Data supplied:

###

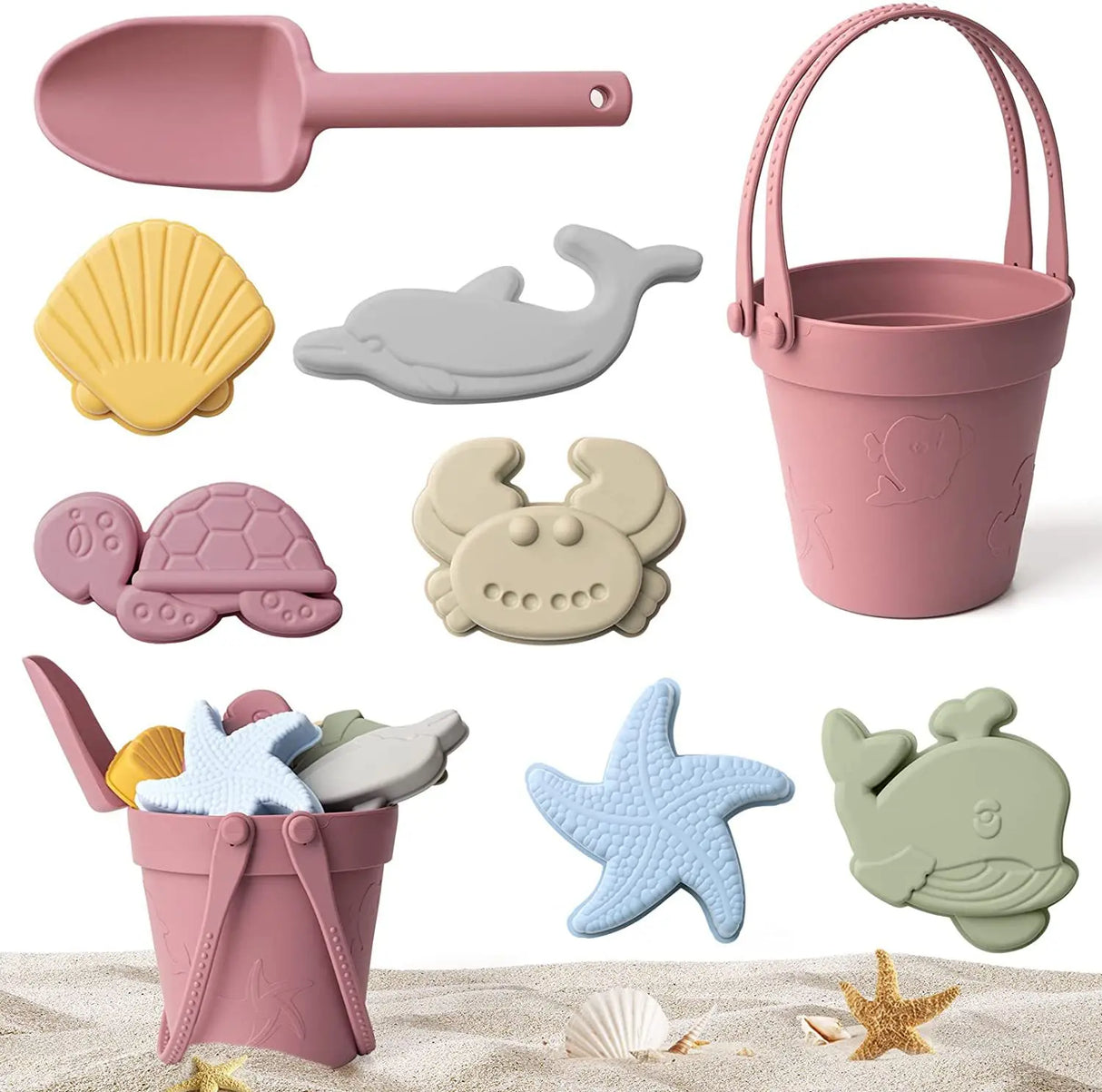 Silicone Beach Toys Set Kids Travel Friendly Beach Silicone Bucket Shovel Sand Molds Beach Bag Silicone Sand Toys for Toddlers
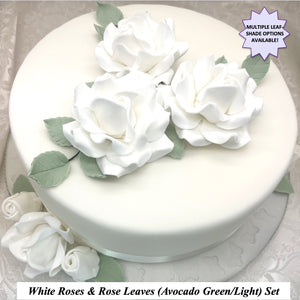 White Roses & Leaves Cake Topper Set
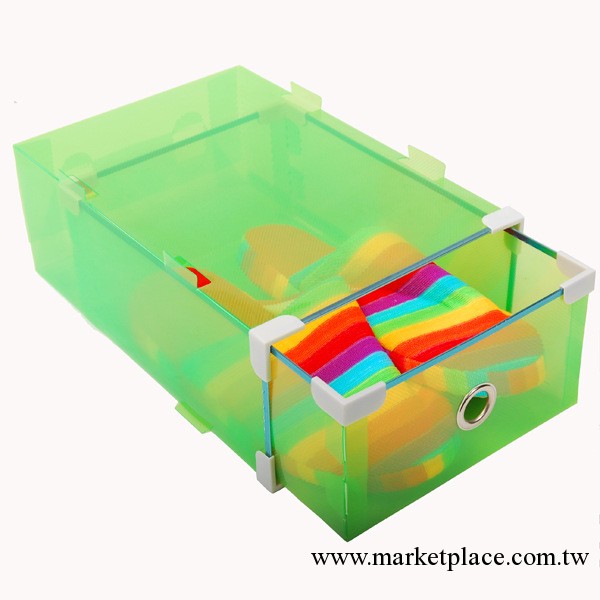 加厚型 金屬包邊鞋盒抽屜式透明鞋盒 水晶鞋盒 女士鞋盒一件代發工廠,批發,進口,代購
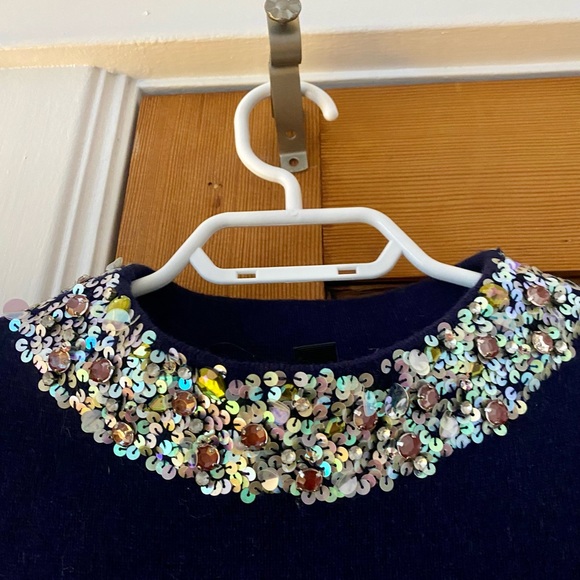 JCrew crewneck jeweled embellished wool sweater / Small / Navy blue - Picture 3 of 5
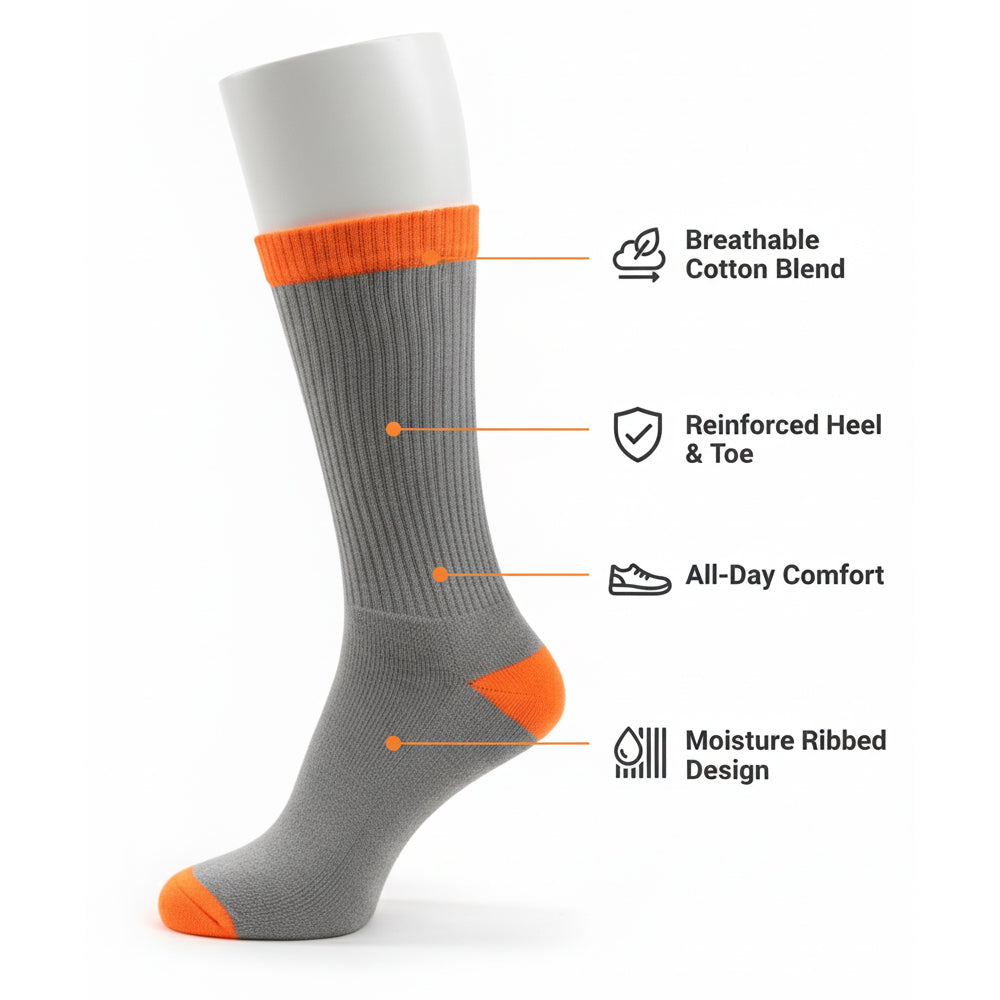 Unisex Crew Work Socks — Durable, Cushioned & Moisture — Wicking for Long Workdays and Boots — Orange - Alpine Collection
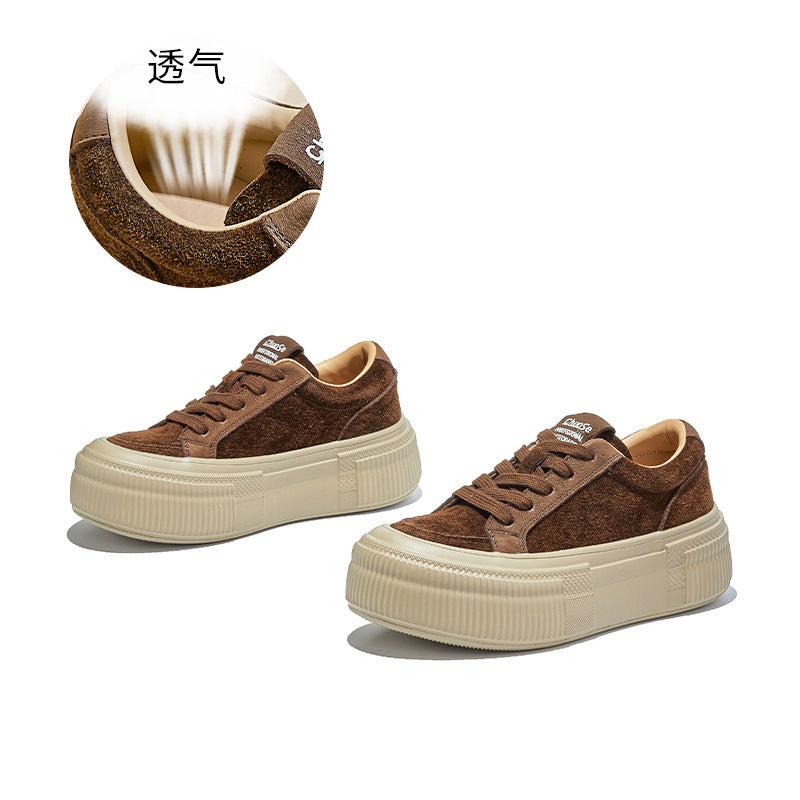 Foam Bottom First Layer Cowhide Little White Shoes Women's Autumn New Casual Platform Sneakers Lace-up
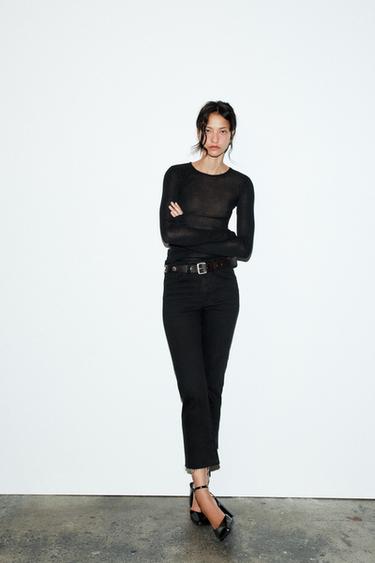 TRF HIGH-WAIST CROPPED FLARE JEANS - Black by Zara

###

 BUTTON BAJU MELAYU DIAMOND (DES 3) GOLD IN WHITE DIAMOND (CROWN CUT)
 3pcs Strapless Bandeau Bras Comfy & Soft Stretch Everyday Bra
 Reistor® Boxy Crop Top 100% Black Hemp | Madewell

###

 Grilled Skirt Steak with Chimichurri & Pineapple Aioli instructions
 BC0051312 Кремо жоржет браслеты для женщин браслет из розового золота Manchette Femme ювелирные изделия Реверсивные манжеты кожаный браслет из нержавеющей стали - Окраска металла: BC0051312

###

Action item: All lines above from the one with "3pcs Strapless Bandeau" to the one with "Reistor® Boxy Crop", inclusive, should be copied exactly, and no other lines.

Result of the exercise:
 3pcs Strapless Bandeau Bras Comfy & Soft Stretch Everyday Bra
 Reistor® Boxy Crop Top 100% Black Hemp | Madewell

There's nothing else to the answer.